Tufts University, Medford, MA 02155, USA.
Proc Natl Acad Sci U S A. 2010 Mar 2;107(9):4069-74. doi: 10.1073/pnas.0909950107. Epub 2010 Feb 10.
The recent explosion in newly sequenced bacterial genomes is outpacing the capacity of researchers to try to assign functional annotation to all the new proteins. Hence, computational methods that can help predict structural motifs provide increasingly important clues in helping to determine how these proteins might function.

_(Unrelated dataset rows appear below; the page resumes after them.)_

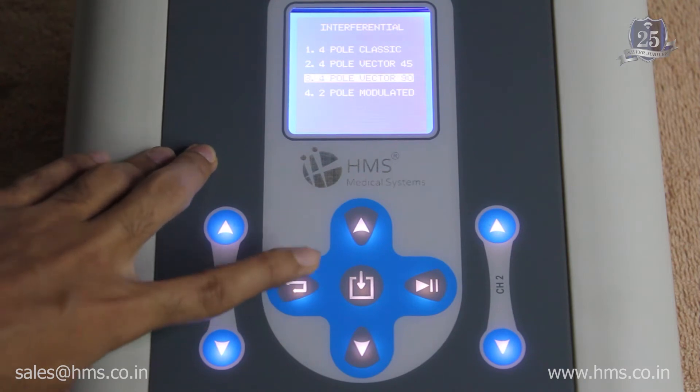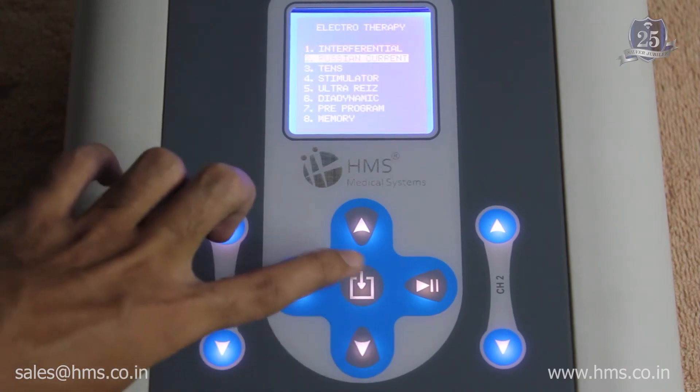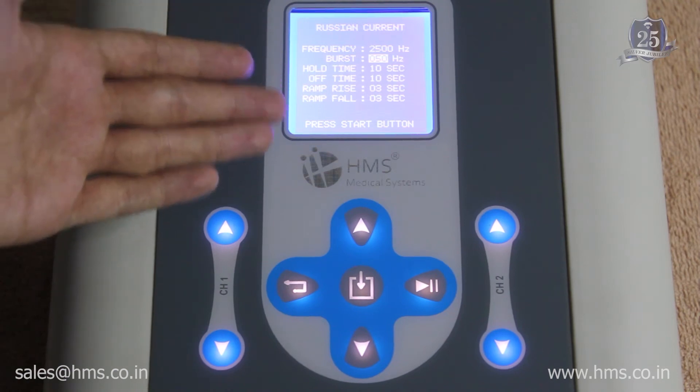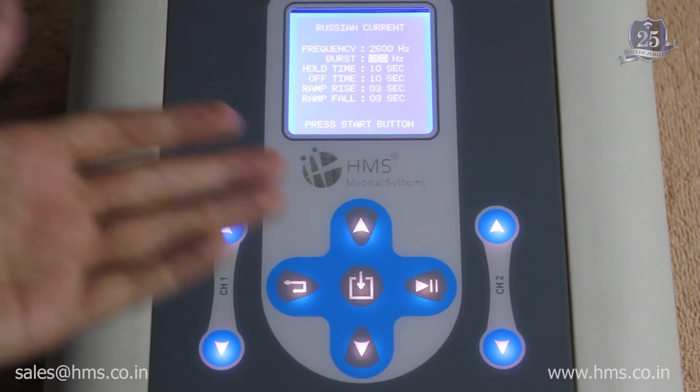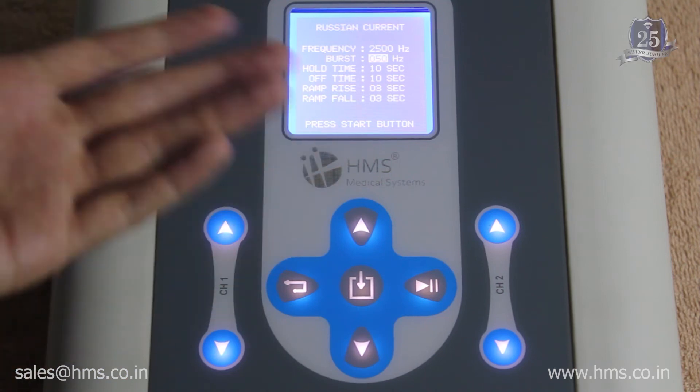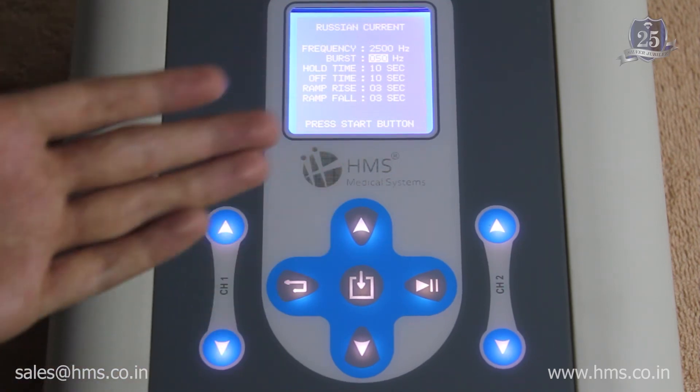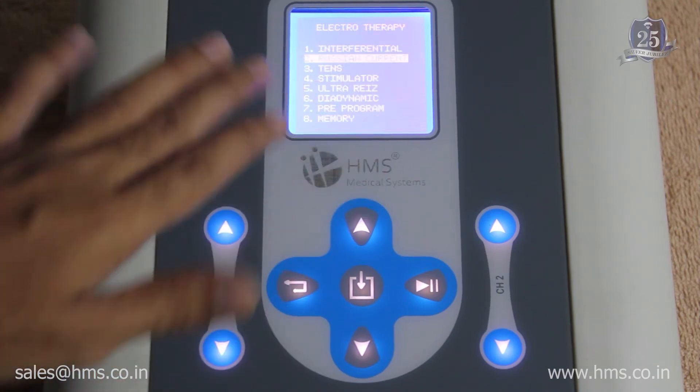Next is the Russian current. In Russian current, you can set a frequency, burst, and hold time according to your needs and then start the treatment. The maximum treatment time you can set is up to 99 minutes.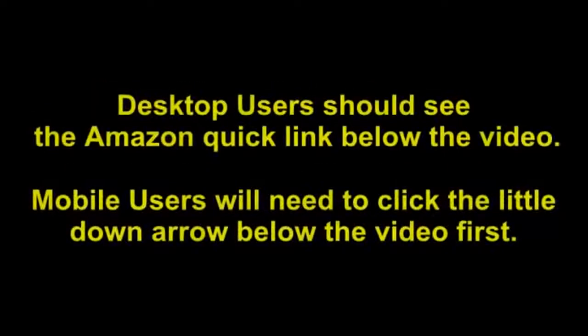Desktop users should see the Amazon Quick Link below the video. Mobile users will need to click the little down arrow below the video first.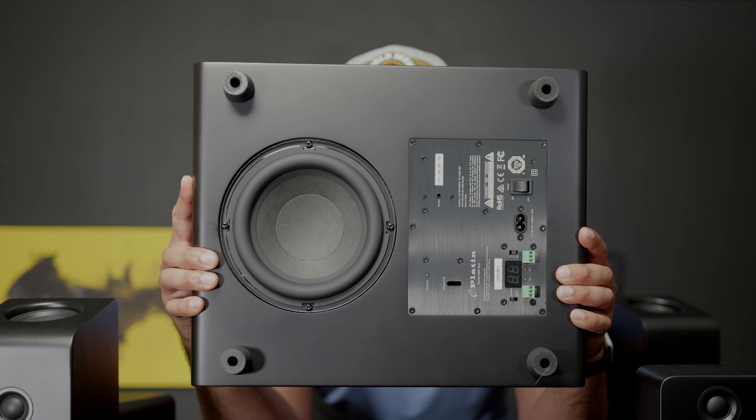Let's talk about the subwoofer briefly. I've always had some great subs from either Hsu Research or SVS. The smallest sub I've owned is my Hsu sub with an eight-inch driver, and that little guy can hit surprisingly hard even in my open floor plan living room. The Platin sub is small — like exceptionally small. So if you're a bass head, this sub is probably going to underperform for you. It isn't a bad subwoofer; it just doesn't have a lot of output for blockbuster movies, especially if you're placing this in a mid-size to larger size room.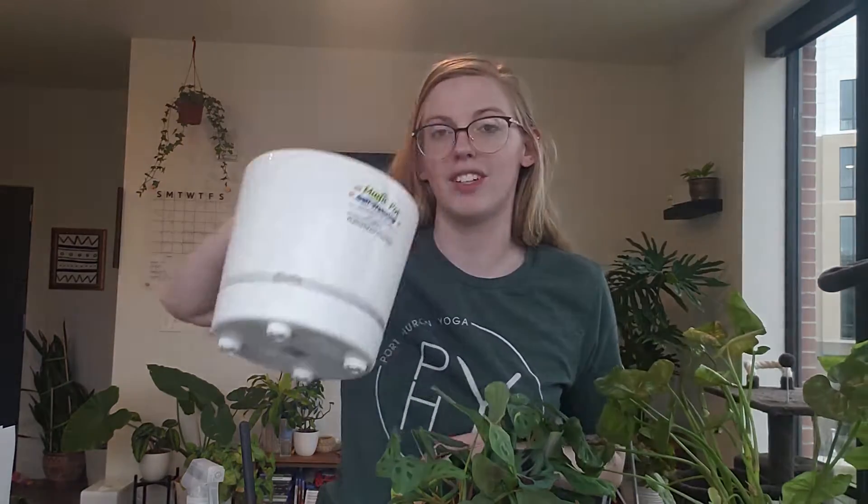If you watch my houseplant tour, you'll know this one is frequently abused by my cats. I've been catching them laying on it a lot lately, so I've made the decision that I'm just going to repot it. I'm going to put it into a different pot and then clean out the terracotta one that it's been in.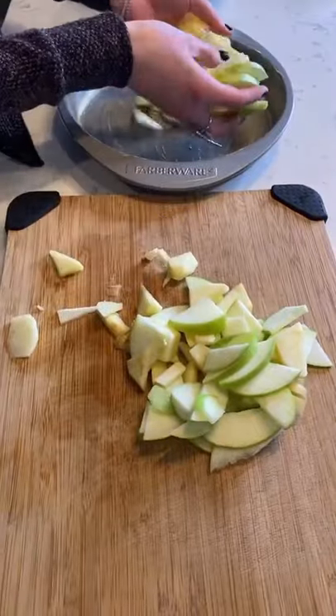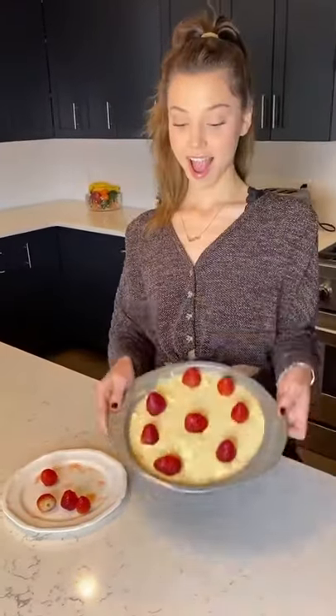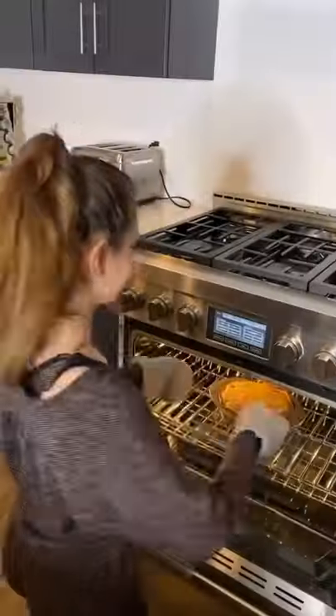Then we put our apples on top of the baking pan and pour our mixture all over the pan. Spread the strawberries around. Preheat your oven to 380 and let it bake for 30 to 40 minutes.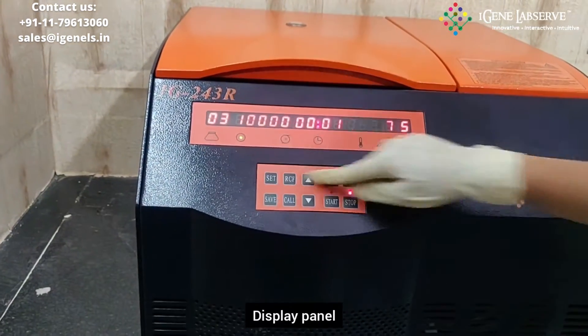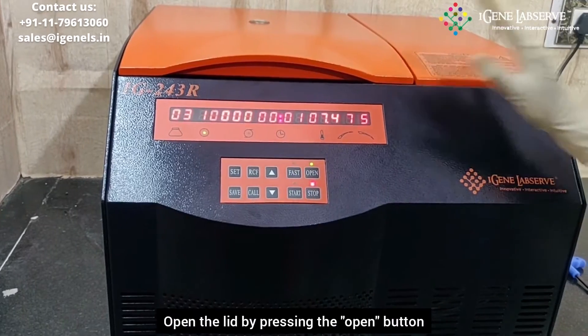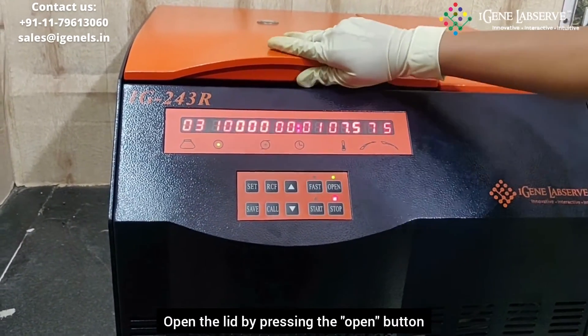This is the main display. This is the controller for the display for setting various parameters. To open the lid, you have to press the open button and the lid opens.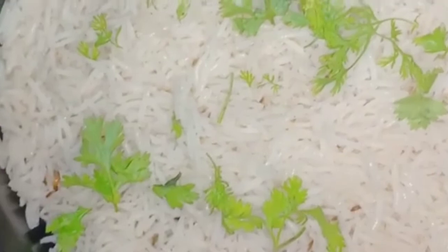This is food colour. The food colour is added in the next layer.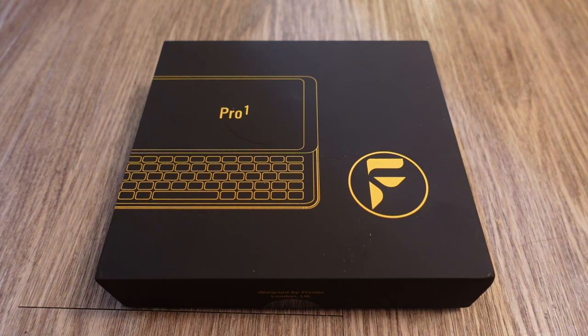Hey guys, how's it going? Today we're going to do an unboxing and first look at the FX Tech Pro 1.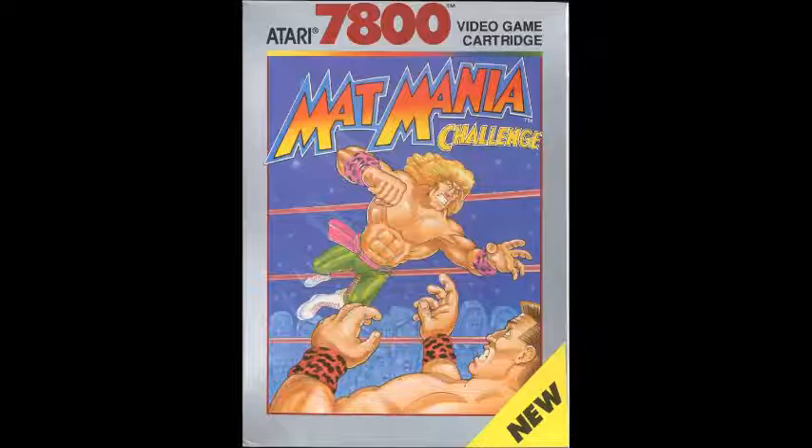Okay, real quick history on Mat Mania. Mat Mania Challenge is based on a combination of Technos arcade games: 1985's Mat Mania and 1986's Mania Challenge, which allowed two players to face each other, which the previous game did not. Mat Mania was itself a follow-up to 1984's Tag Team Wrestling, which would later get ported to the NES. Mat Mania Challenge on the 7800 has a copyright year of 1990.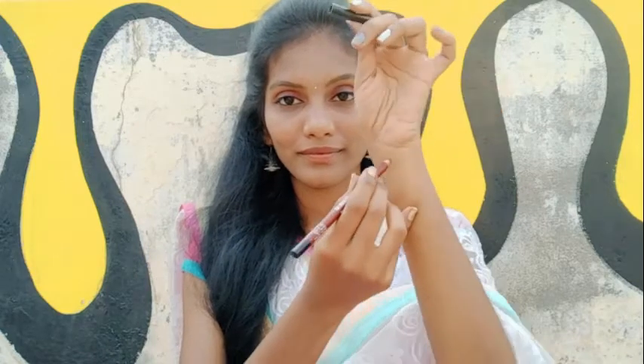I am going to swatch this. I will try the nude shade lipstick with a brown lip liner. It is a proper nude shade lipstick.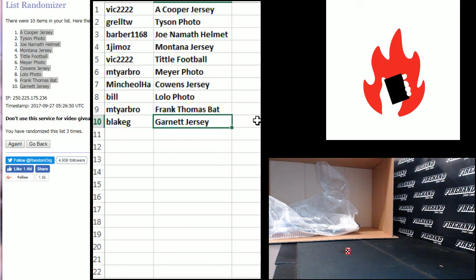Alright, there you go guys — congratulations on your hits and thanks everybody for signing up. We got another one of these to do tonight. Till next time kids.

We introduce a Markov Random Field approach tailored for recognizing proteins that fold into mainly beta-structural motifs, and apply it to build recognizers for the beta-propeller shapes. As an application, we identify a potential class of hybrid two-component sensor proteins, that we predict contain a double-propeller domain.
最近新测序的细菌基因组数量呈爆炸式增长,超过了研究人员尝试为所有新蛋白质赋予功能注释的能力。因此,能够帮助预测结构基序的计算方法在帮助确定这些蛋白质可能的功能方面提供了越来越重要的线索。我们引入了一种针对主要折叠成β结构基序的蛋白质的马尔可夫随机场方法,并将其应用于构建β-类桨叶形状的识别器。作为一种应用,我们确定了一类潜在的混合双组分传感器蛋白,我们预测这些蛋白含有双桨叶结构域。